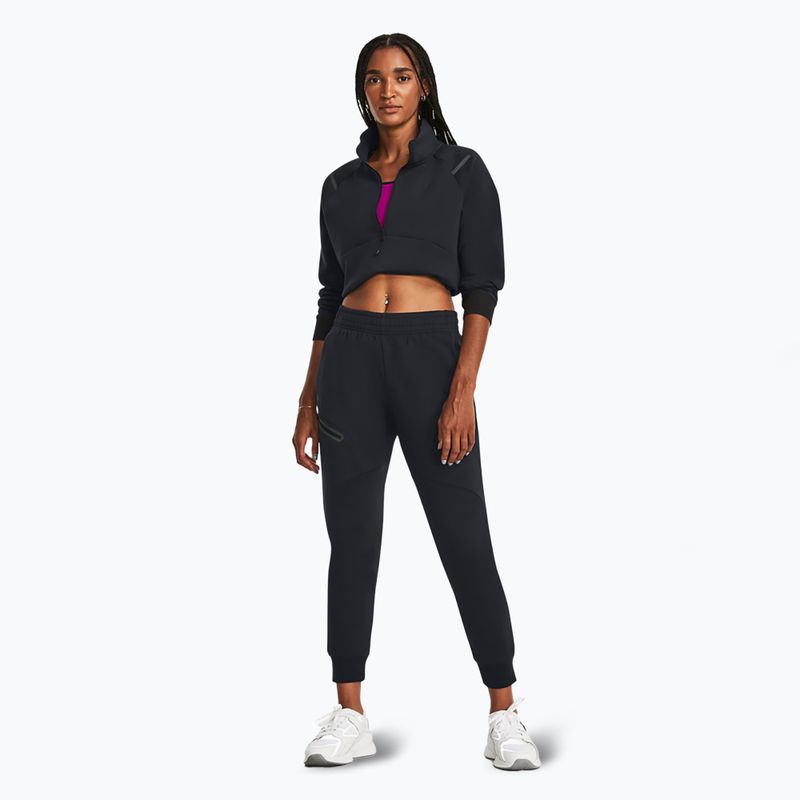 Damen Hose Under Armour Unstoppable Fleece Jogger black/black 2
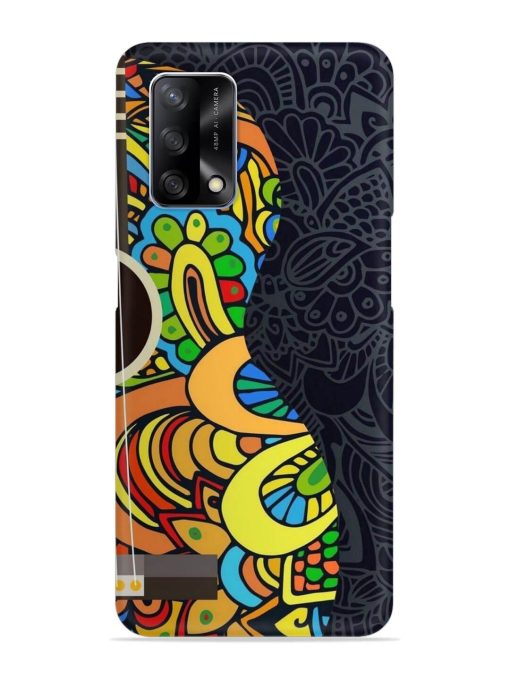 Guitar Vector Art Snap Case for Oppo F19 Zapvi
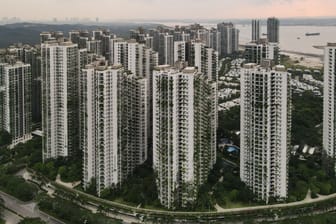 Forest City in Malaysia: Aus dem milliardenschweren Zukunftsprojekt wurde eine grüne Geisterstadt.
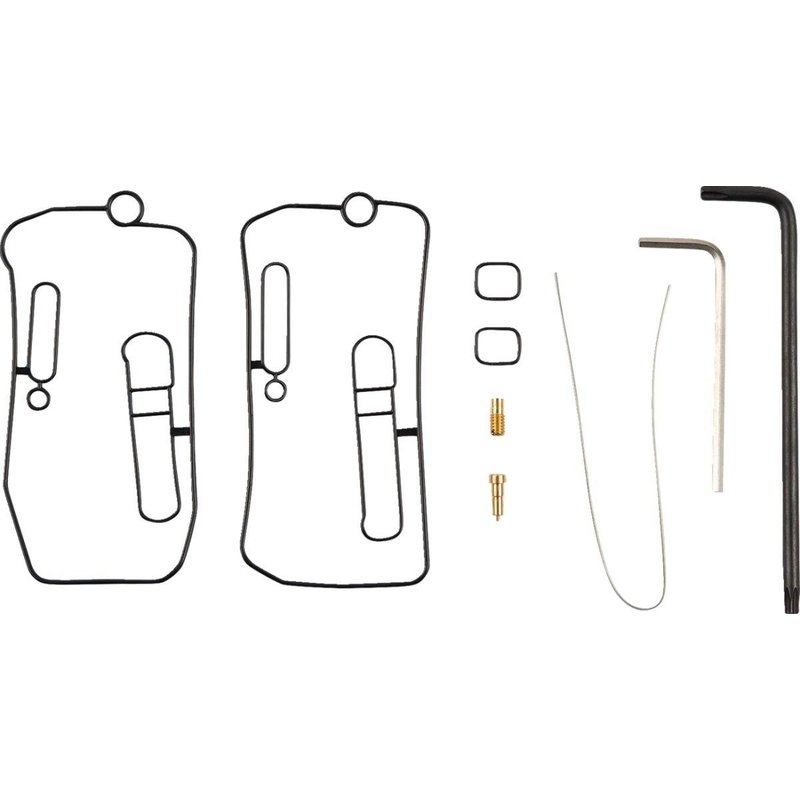 P400000180002 - Athena Dual Spray Venturi Jet Kit For KTM Adventure 640 R 2005-2007 - Black/Gold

########

#### THE PROBLEM:
Leaving every picture out, output the data exactly as it stands.

#### YOUR RESPONSE:
 Damen Hose Under Armour Unstoppable Fleece Jogger black/black 2
 Guitar Vector Art Snap Case for Oppo F19 Zapvi
 Forest City in Malaysia: Aus dem milliardenschweren Zukunftsprojekt wurde eine grüne Geisterstadt.
 P400000180002 - Athena Dual Spray Venturi Jet Kit For KTM Adventure 640 R 2005-2007 - Black/Gold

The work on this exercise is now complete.